→ **What to work on**:
Would you copy the listing below exactly, keeping the pictures out?

→ **The data**:
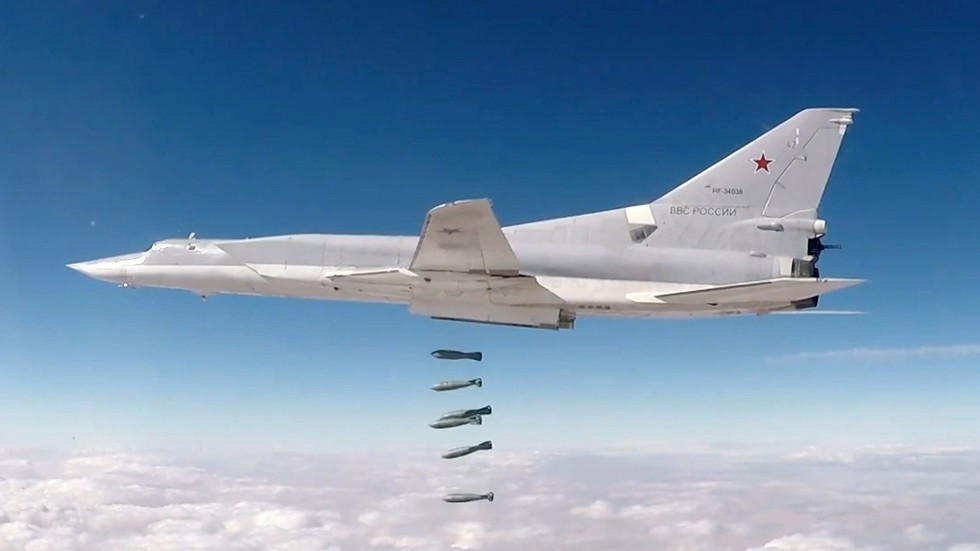 FILE PHOTO: A Russian Tu-22M3 bomber drops munitions on militants in Syria in 2017. © Russian Defense Ministry / Sputnik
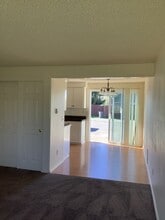 214 S French Ave, Unit 4 in Arlington, WA - Foto de edificio - Building Photo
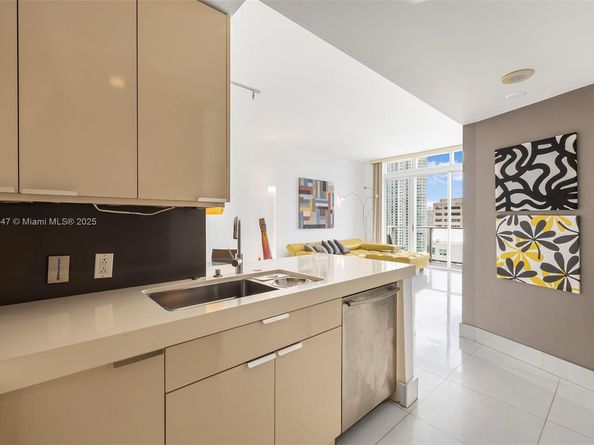 1155 Brickell Bay Dr PH204, Miami FL 33131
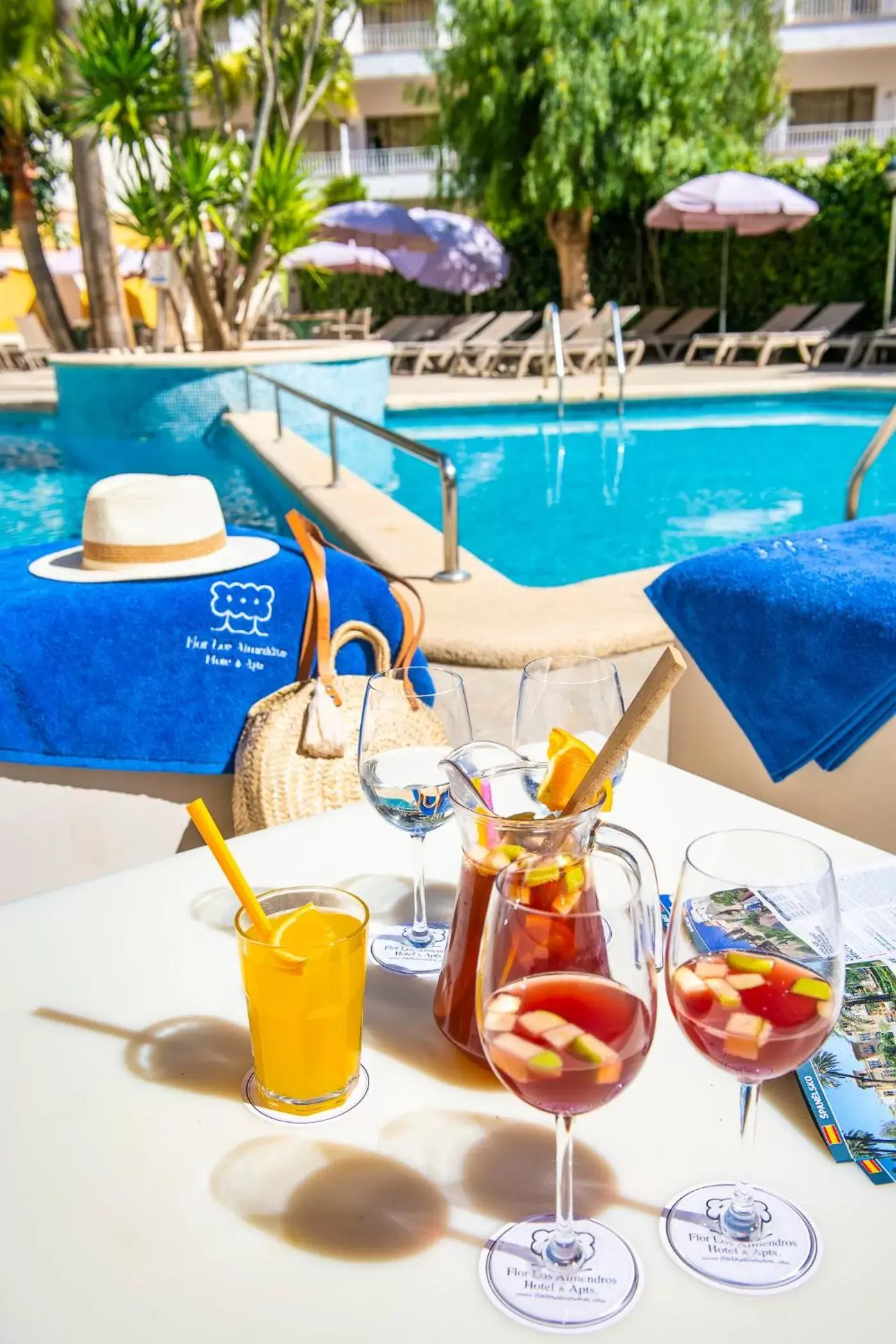 Swimming Pool in Hotel Flor Los Almendros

→ **Final answer**:
 FILE PHOTO: A Russian Tu-22M3 bomber drops munitions on militants in Syria in 2017. © Russian Defense Ministry / Sputnik
 214 S French Ave, Unit 4 in Arlington, WA - Foto de edificio - Building Photo
 1155 Brickell Bay Dr PH204, Miami FL 33131
 Swimming Pool in Hotel Flor Los Almendros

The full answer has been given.